## [Description of the task]
With pictures excluded, repeat exactly the lines from the one containing "May Cottage, 8" through the last line of the material below.

= = = = = = =

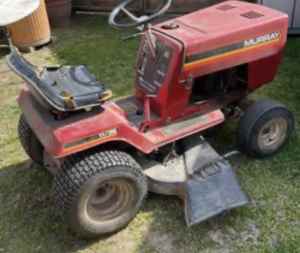 Free collection of ride on mowers (any condition dead or alive)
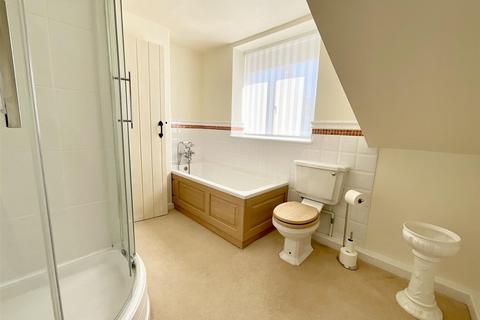 May Cottage, 8 Castlegate, East Ayton, Scarborough, YO13 9EJ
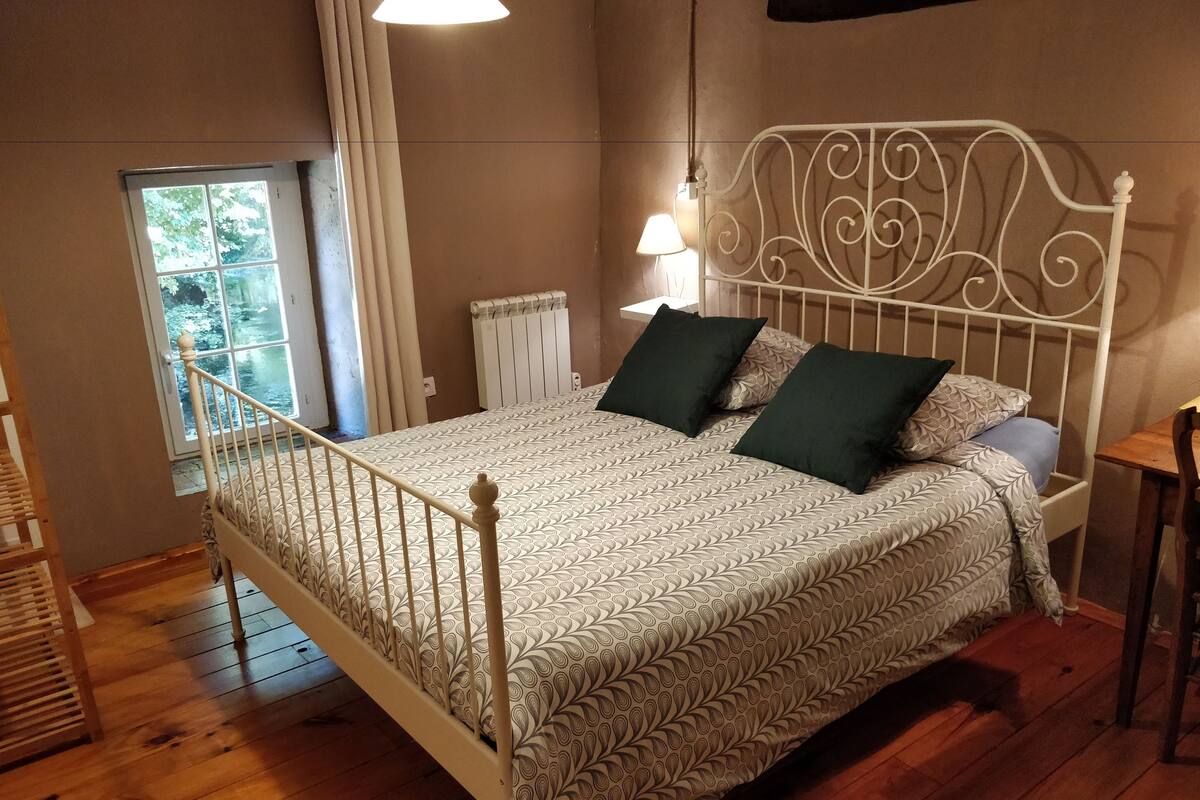 Economy Double Room Single Use, 1 Queen Bed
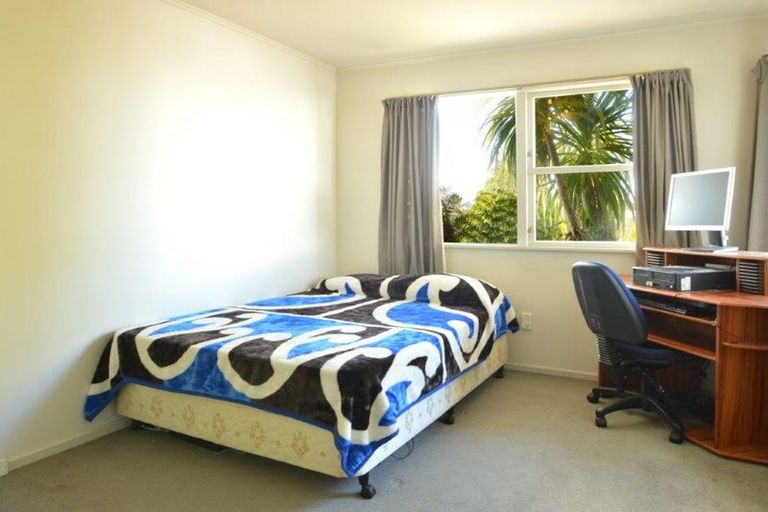 Photo of property in 30 Kirby Street, Glendene, Auckland, 0602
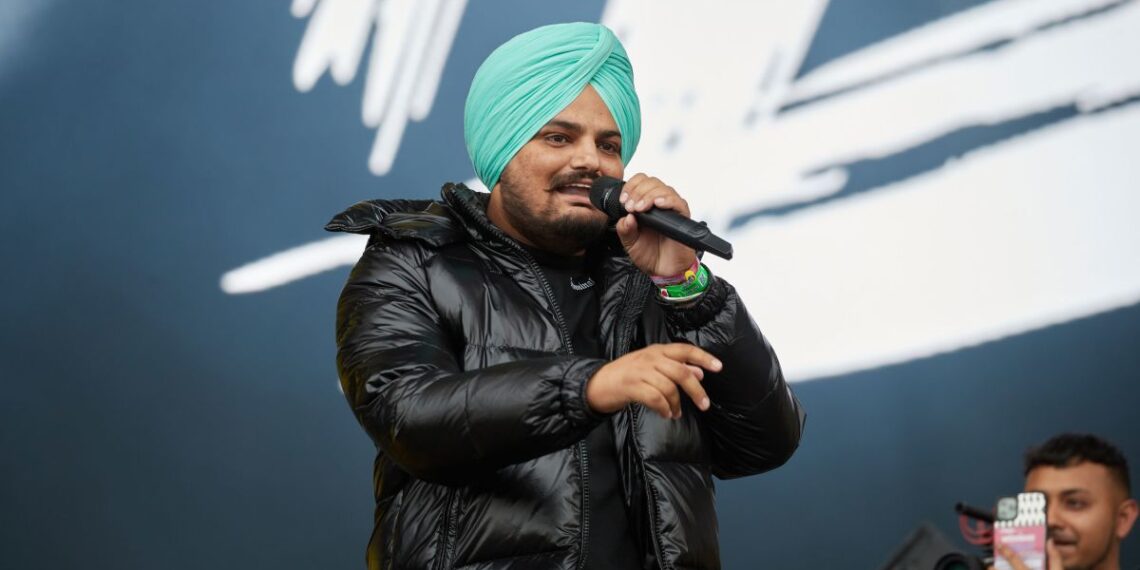 Un rapper indian, care anul trecut a intrat în politică, a fost împușcat 24 de gloanțe după un atac armat asupra mașinii sale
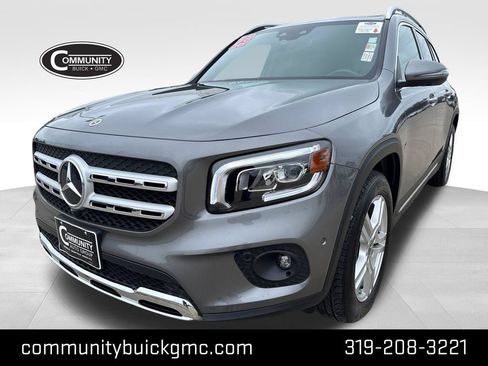 Used 2023 Mercedes-Benz GLB 250 4MATIC image 1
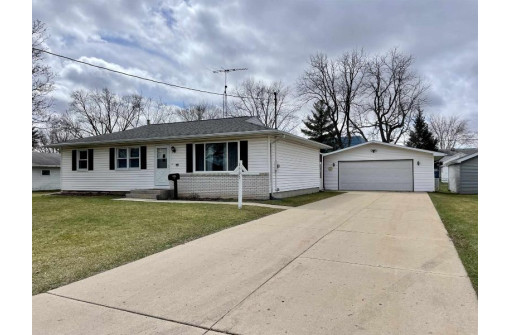 1503 W 6th Ave, Brodhead, WI 53520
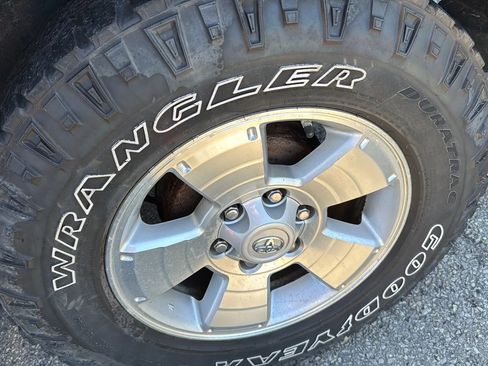 Used 2012 Toyota Tacoma 4x4 Double Cab image 9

= = = = = = =

## [Problem solution]
 May Cottage, 8 Castlegate, East Ayton, Scarborough, YO13 9EJ
 Economy Double Room Single Use, 1 Queen Bed
 Photo of property in 30 Kirby Street, Glendene, Auckland, 0602
 Un rapper indian, care anul trecut a intrat în politică, a fost împușcat 24 de gloanțe după un atac armat asupra mașinii sale
 Used 2023 Mercedes-Benz GLB 250 4MATIC image 1
 1503 W 6th Ave, Brodhead, WI 53520
 Used 2012 Toyota Tacoma 4x4 Double Cab image 9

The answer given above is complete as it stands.